→ **Assignment**
Your copy should repeat the data that follows exactly and contain no image.

(The input)

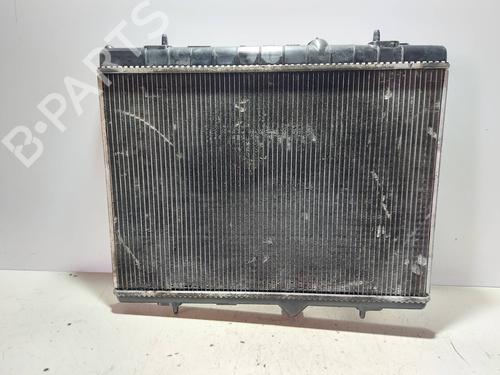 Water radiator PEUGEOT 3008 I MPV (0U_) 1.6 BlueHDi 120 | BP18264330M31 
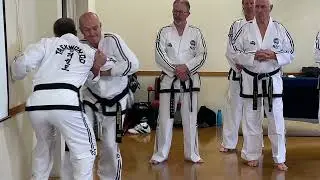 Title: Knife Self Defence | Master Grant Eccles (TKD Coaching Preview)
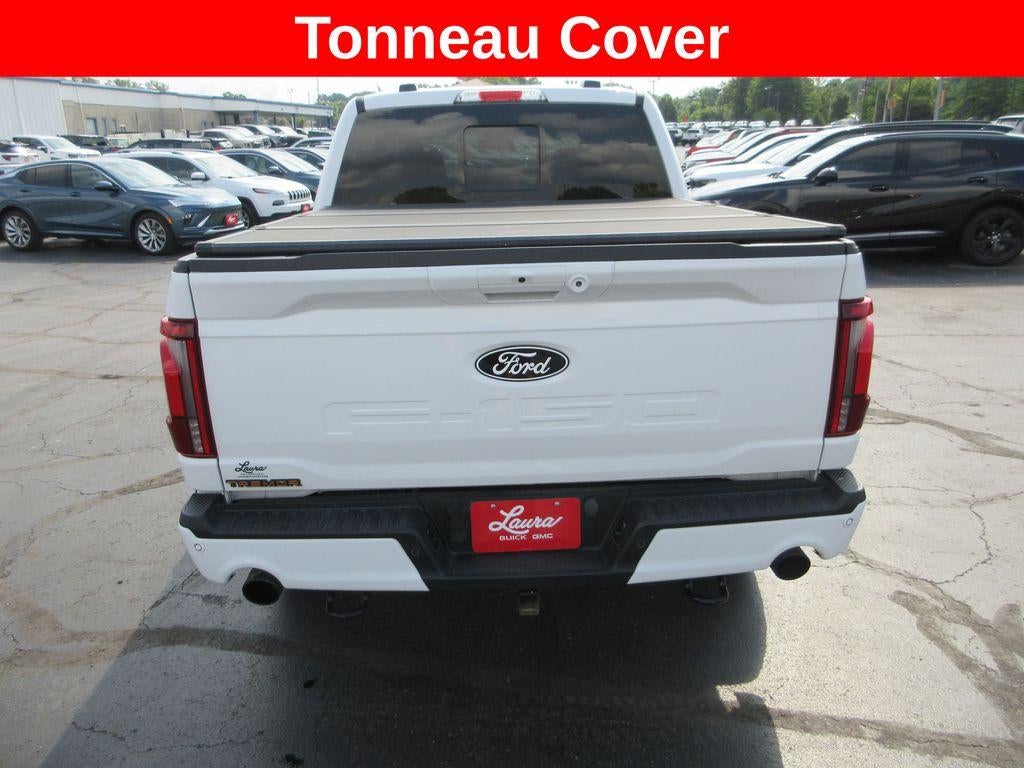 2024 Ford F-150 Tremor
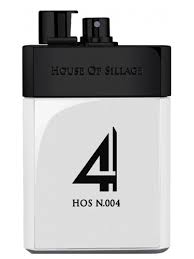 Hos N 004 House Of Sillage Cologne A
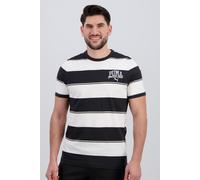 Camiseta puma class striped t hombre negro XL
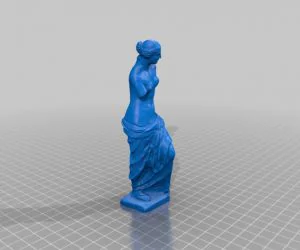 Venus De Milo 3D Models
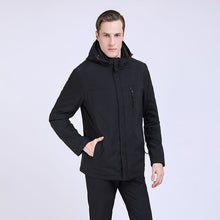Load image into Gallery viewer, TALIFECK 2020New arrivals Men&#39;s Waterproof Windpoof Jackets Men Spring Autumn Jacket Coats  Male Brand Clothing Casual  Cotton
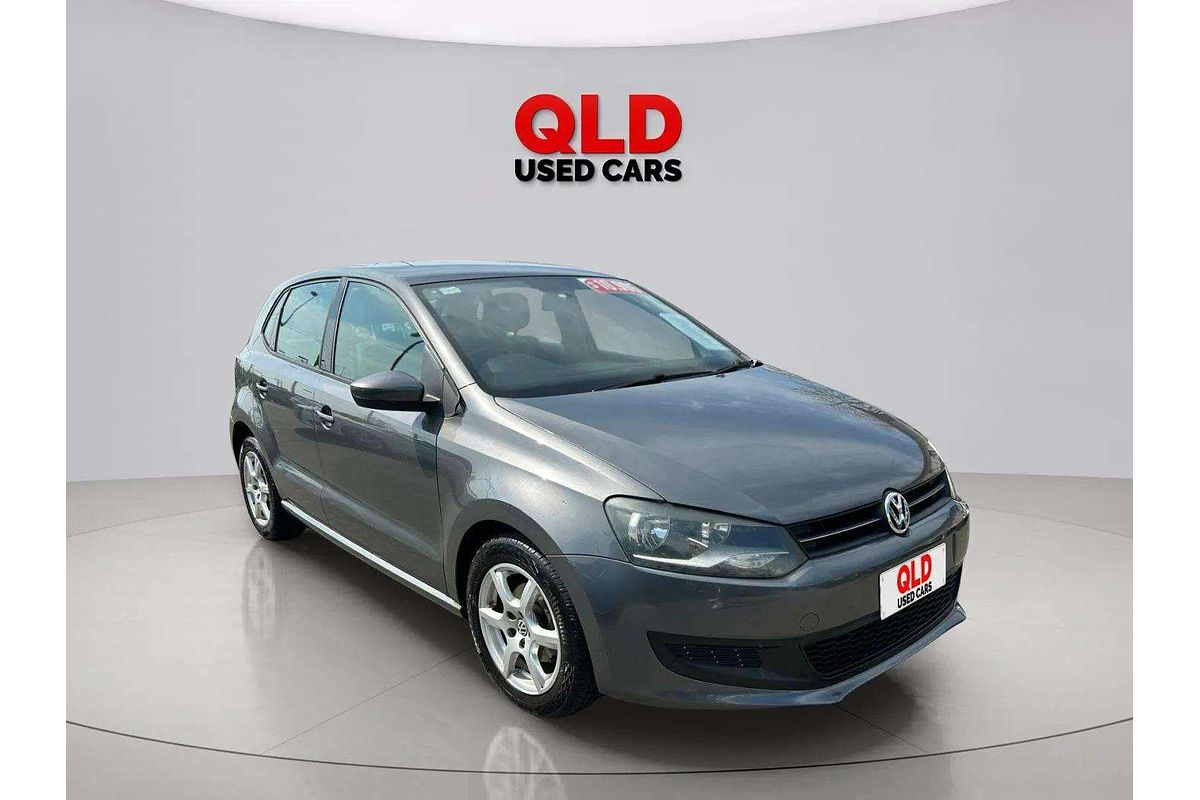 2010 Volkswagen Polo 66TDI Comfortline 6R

(End The input)

→ **Response area**
 Water radiator PEUGEOT 3008 I MPV (0U_) 1.6 BlueHDi 120 | BP18264330M31 
 Title: Knife Self Defence | Master Grant Eccles (TKD Coaching Preview)
 2024 Ford F-150 Tremor
 Hos N 004 House Of Sillage Cologne A
 Camiseta puma class striped t hombre negro XL
 Venus De Milo 3D Models
Load image into Gallery viewer, TALIFECK 2020New arrivals Men&#39;s Waterproof Windpoof Jackets Men Spring Autumn Jacket Coats  Male Brand Clothing Casual  Cotton
 2010 Volkswagen Polo 66TDI Comfortline 6R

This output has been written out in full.